* [THE PROBLEM]: A word-for-word reproduction of the data below is needed, with no pictures in it.

* [DATA EXTRACT]:
-- Opening Marker --
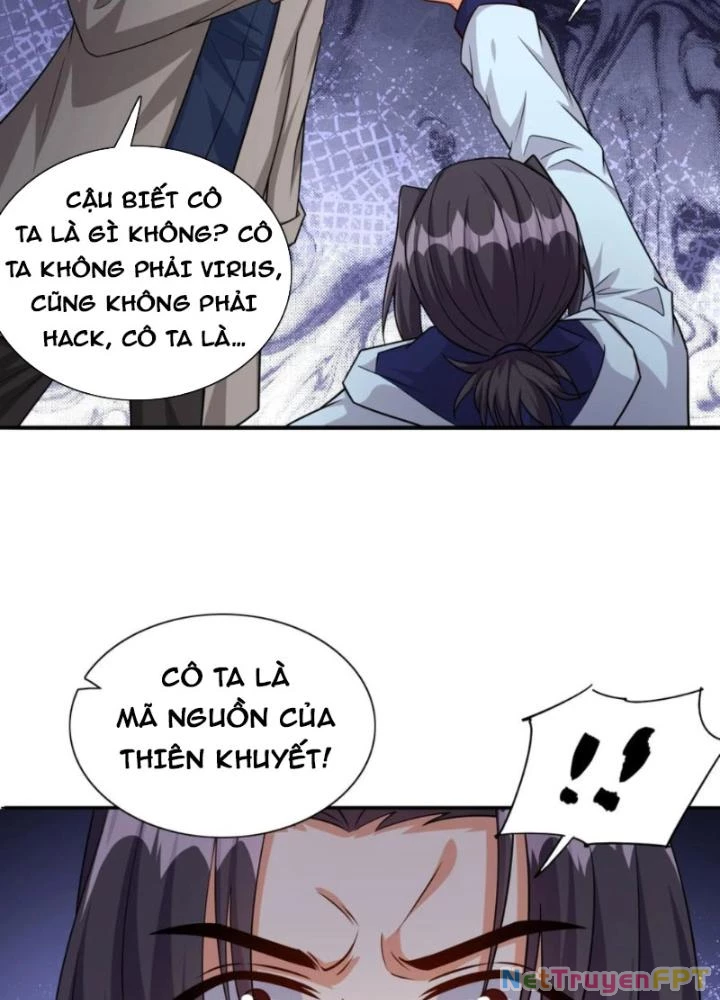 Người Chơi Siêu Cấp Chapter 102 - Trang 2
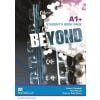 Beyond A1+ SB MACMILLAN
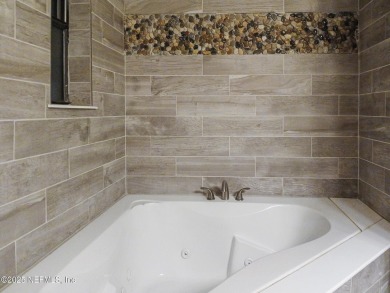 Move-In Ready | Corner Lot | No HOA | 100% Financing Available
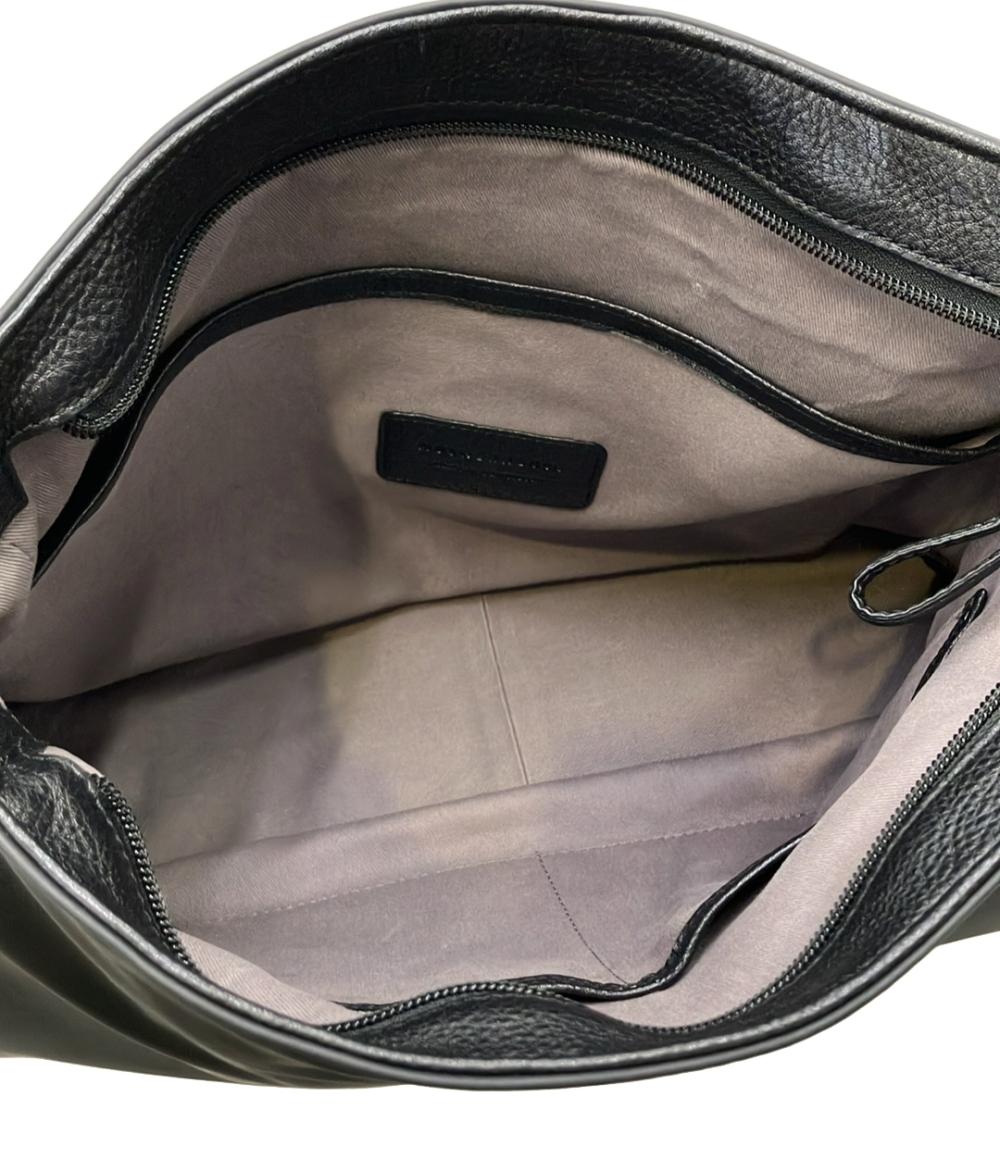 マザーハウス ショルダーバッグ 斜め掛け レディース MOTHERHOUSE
-- Closing Marker --
* [SOLUTION TO THIS TASK]:
 Người Chơi Siêu Cấp Chapter 102 - Trang 2
 Beyond A1+ SB MACMILLAN
 Move-In Ready | Corner Lot | No HOA | 100% Financing Available
 マザーハウス ショルダーバッグ 斜め掛け レディース MOTHERHOUSE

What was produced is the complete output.